* SOURCE DATA:
§ §

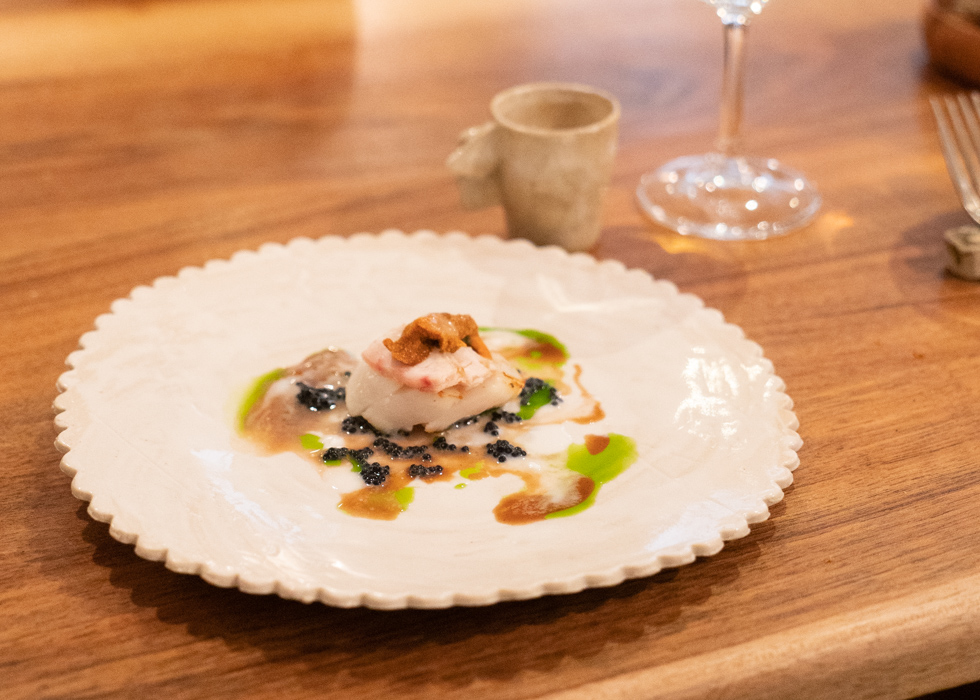 Accents Table Bourse O'Bon Paris Easy to be Parisian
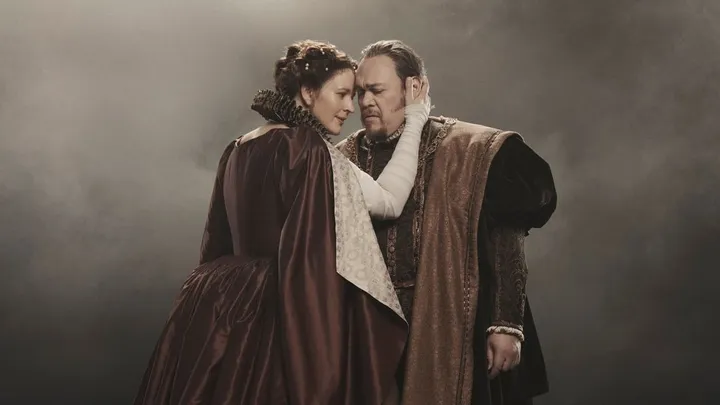 MET Live in HD: Macbeth (Verdi)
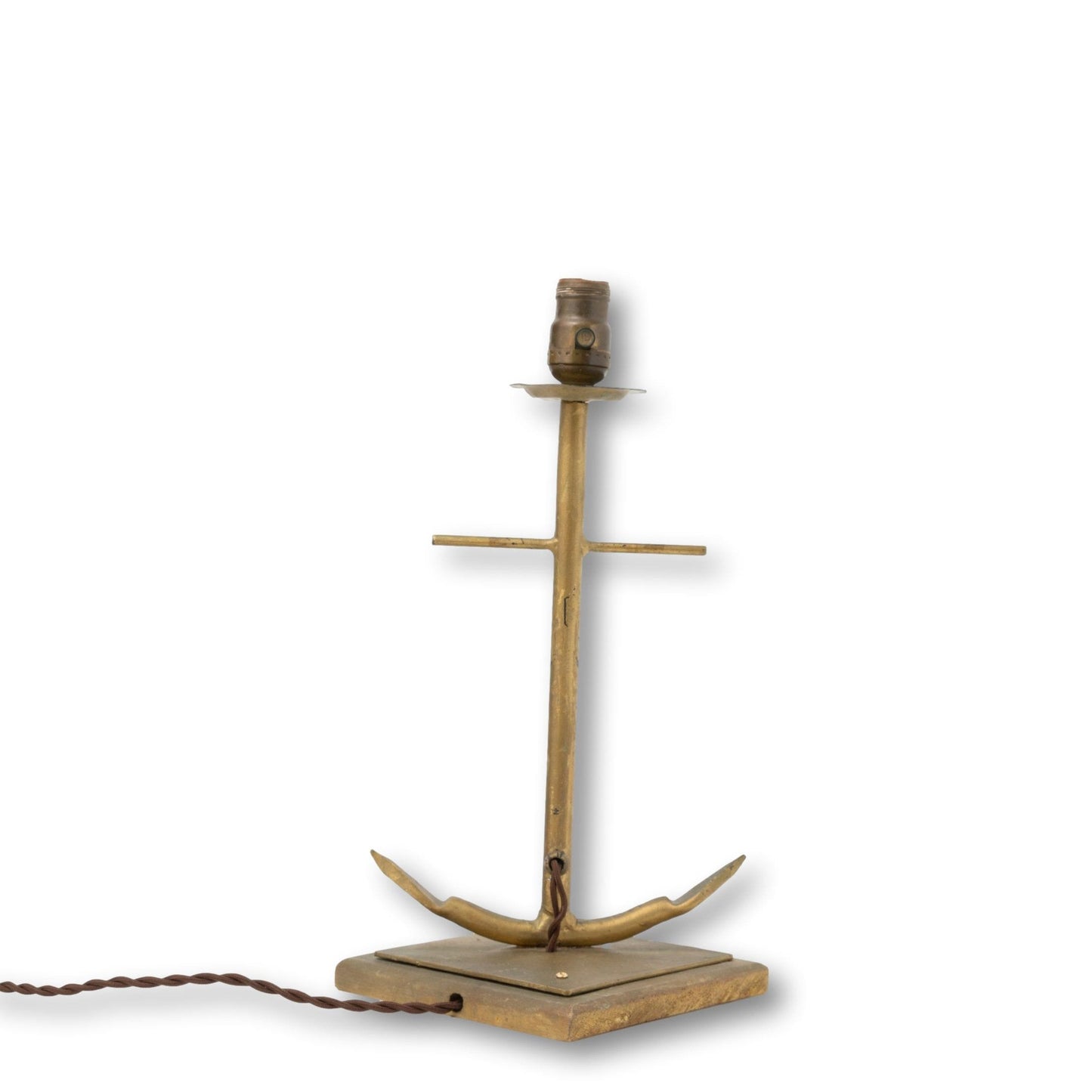 Large Anchor Lamp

§ §

* AIM OF THE TASK: Print the complete listing exactly, apart from any pictures.

* EXERCISE SOLUTION:
 Accents Table Bourse O'Bon Paris Easy to be Parisian
 MET Live in HD: Macbeth (Verdi)
 Large Anchor Lamp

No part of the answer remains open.